At the commencement of this action the superior court appointed a receiver to take charge and control *Page 131 of the property involved in the suit, — certain mining grounds and claims, together with the plants situated thereon and used in running the mines, — with power to operate the said mines and plants. The receiver so appointed thereupon took possession of the property, and operated the same as thus directed. In October, 1899, he represented to the court that he had in his possession a large quantity of tailings, of the probable value of a million dollars, and that the same was being increased each day, and that they could be advantageously worked by a process known as the cyanide process, and asked of the court an order authorizing him to purchase and install a cyanide plant for the purpose of working said tailings. Upon hearing his petition, the court made an order directing and authorizing him to purchase and install a cyanide tailings plant, said plant to be of an estimated daily capacity of three hundred tons, and when such plant should be installed that he should operate the same and work and treat said tailings, and further directed him to pay for the purchase and installation of such tailings plant out of any funds that might come into his hands the reasonable contract price or cost thereof. From this order the present appeal has been taken.

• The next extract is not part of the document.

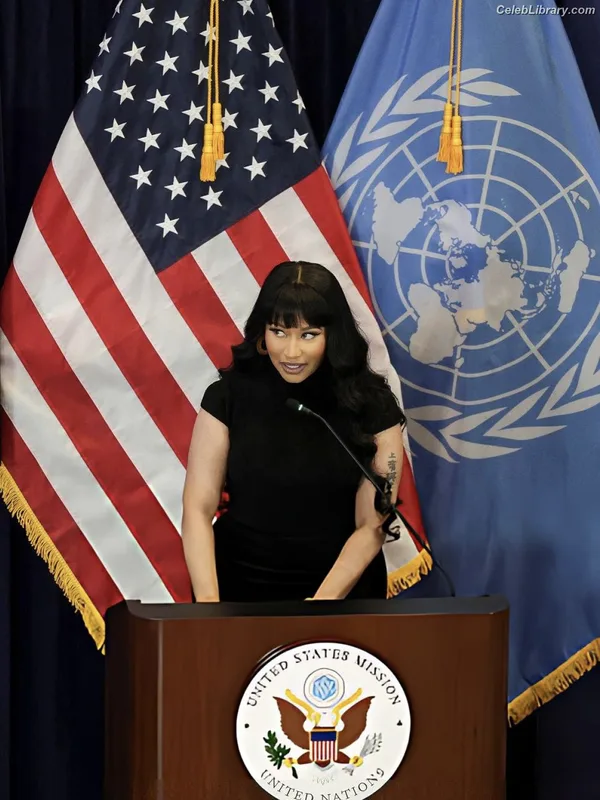 Nicki Minaj photo 2 of 983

The principle involved in the appeal herein was considered inRochat v. Gee, 91 Cal. 355, and again in Illinois Trust etc. Bankv. Alvord, 99 Cal. 407; and under the rule declared in these cases orders of this character cannot be reviewed until after final judgment has been rendered in the action, and that until then an appeal cannot be taken. There may be exceptional cases in which the order would be the final judgment upon a collateral matter arising out of the action, as was the case in City of LosAngeles v. Los Angeles City Water Co., 134 Cal. 121, but the present is not within that class of cases. The order herein does not finally determine the rights of the appellants in the property involved in the action or in any part thereof, nor does it direct the performance of any act by or against the appellants, and thus, as was said in Grant v. Superior Court,106 Cal. 324, "it lacks one essential element of a final judgment."

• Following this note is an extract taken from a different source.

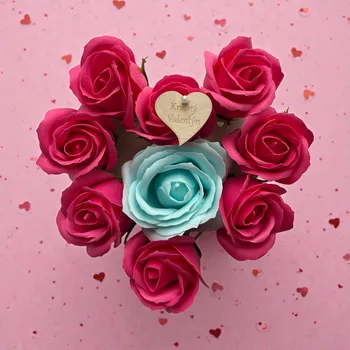 Svatební dekorace Ručně aranžované květinové srdce z růžovo-modrých mýdlových růží s dřevěným srdíčkem „Krásný Valentýn“, perleťovým špendlíkem a stojánkem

It is eminently proper for a receiver to apply to the court by which he was appointed for instruction and authority from time to time as he may need it; and in the order appointing *Page 132 him herein he was directed to apply to the court for instructions when necessary. The receiver is but the hand of the court, to aid it in preserving and managing the property involved in the suit for the benefit of those to whom it may ultimately be determined to belong. Any order that the court may make upon his application for such direction, whether for the expenditure of money or for the performance of any duty, may, if erroneous, be reviewed upon proper exceptions thereto after final judgment has been rendered, or, in exceptional cases, after the settlement of the final account of the receiver. Such orders usually depend upon the discretion of the court, to be exercised according to the necessities of the case, and require immediate execution in order to be of any avail; but if every order which the court might make for the preservation or proper management of the property in its custody is subject to a direct appeal therefrom, not only would the court be greatly hampered in its efforts to preserve the property, but the interests of all the parties interested might be greatly prejudiced. As was said in Rochat v. Gee, 91 Cal. 355, "It may happen that those who object to the acts of the receiver during the first part of his administration will be entirely satisfied with the general result and have no objection to the approval of his final account of the whole matter."

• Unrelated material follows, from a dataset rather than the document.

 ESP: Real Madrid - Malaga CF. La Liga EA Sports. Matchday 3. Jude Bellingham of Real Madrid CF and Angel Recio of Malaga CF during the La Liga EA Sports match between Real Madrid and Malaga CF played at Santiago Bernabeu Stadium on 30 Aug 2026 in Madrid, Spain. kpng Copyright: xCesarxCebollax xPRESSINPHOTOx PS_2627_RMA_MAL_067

The order appealed from is not one of the orders before judgment from which an appeal is authorized under section 963 of the Code of Civil Procedure; and as no judgment has yet been rendered in the action, it is not a "special order made after final judgment," and, as we have seen, cannot be regarded as a final judgment upon a collateral matter arising out of the action. It is an order made in the progress of the action, tending to facilitate the final adjudication of the controversy between the parties, and, under section 956 of the Code of Civil Procedure, any error that may have been committed by the court in making it must be reviewed upon an appeal from the judgment.

The conclusion thus reached renders it unnecessary to consider whether the appellants have become parties to the action or are so "aggrieved" as to entitle them to take an appeal from the order.

The appeal is dismissed.

Garoutte, J., and Van Dyke, J., concurred.